The routing device that has the public IP address needs to forward port 22 traffic to the Ubuntu server that is behind the firewall. If you tell us what kind of firewall / edge device it is, we might be able to help point you in a more specific direction.
EDIT: You'll need to check that traffic is truly being sent to your Ubuntu server. Run tcpdump to see if SSH traffic is hitting your server. If it's not, you still have an edge router problem. If it is, then you can start focusing on the Ubuntu server. Once you figure that out, we might be able to help you more.
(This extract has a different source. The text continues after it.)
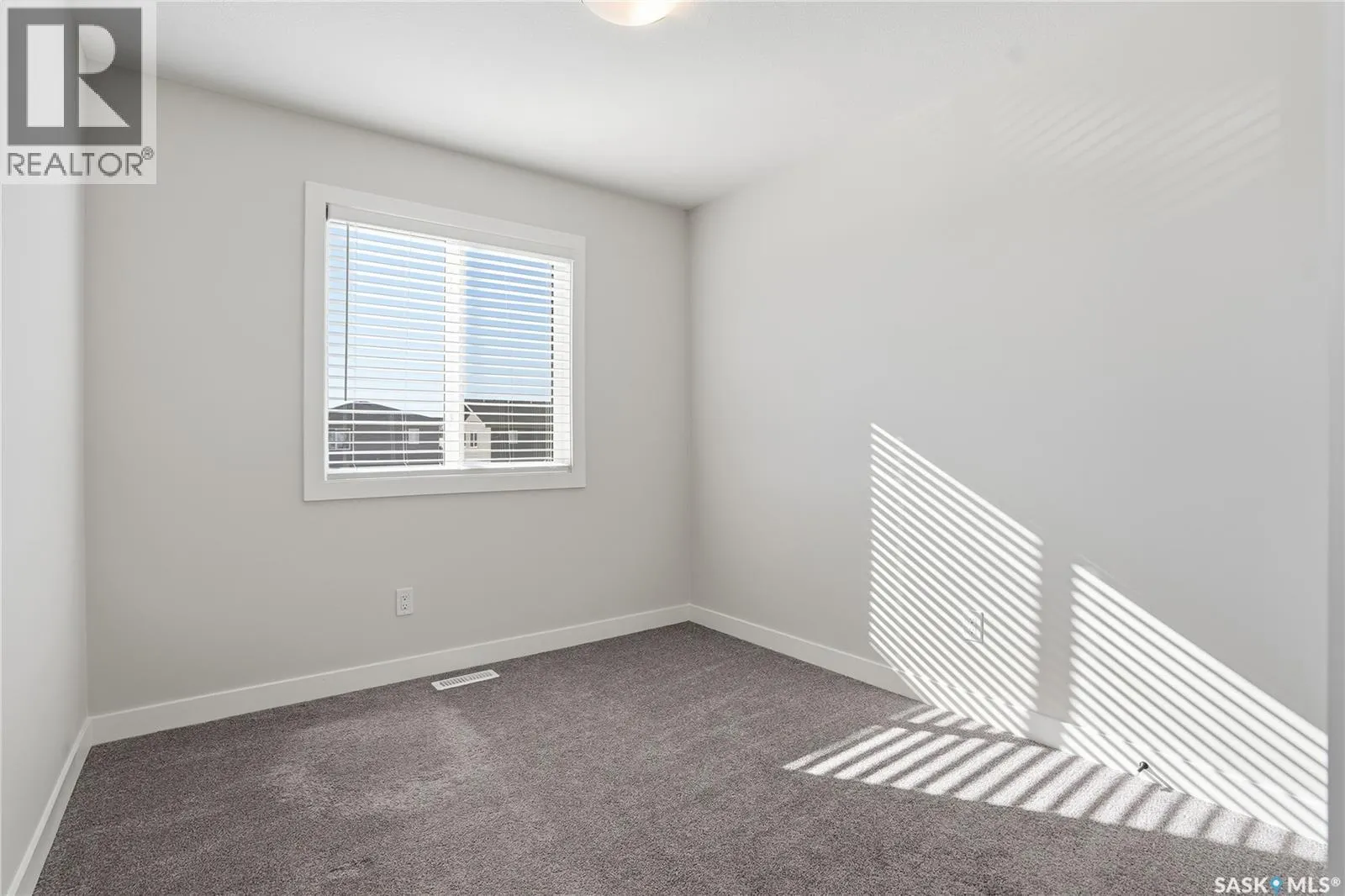 966 McFaull MANOR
EDIT 2: If you set up port forwarding for port 22, the router handles the translation for all traffic bound for port 22 directed at the public IP address and immediately sends the traffic to the Ubuntu server. The Ubuntu server then sees the traffic coming from the router, and any responses to port 22 traffic get sent to the router which then forwards it on to you. The router handles all the traffic translation by maintaining a table of who is communicating to which port and assigning unique sessions to each communicant. That way even multiple people can talk to the Ubuntu server through ssh using the external IP address.
For example: If you have an external IP address at home of 1.1.1.1 and your office router has an external IP address of 2.2.2.2 and the Ubuntu server has a local IP of 192.168.1.10 (behind the 2.2.2.2 router), the traffic flows like this:
- 1.1.1.1 connects to 2.2.2.2:22
- 2.2.2.2:22 gets forwarded to 192.168.1.10:22.
- 192.168.1.10:22 responds to the router at 2.2.2.2:22 (well, in reality it responds to the local IP address of the router, not the public IP address. It would probably be 192.168.1.1:22 in this example.)
- The router then forwards the information back to your home's public IP of 1.1.1.1.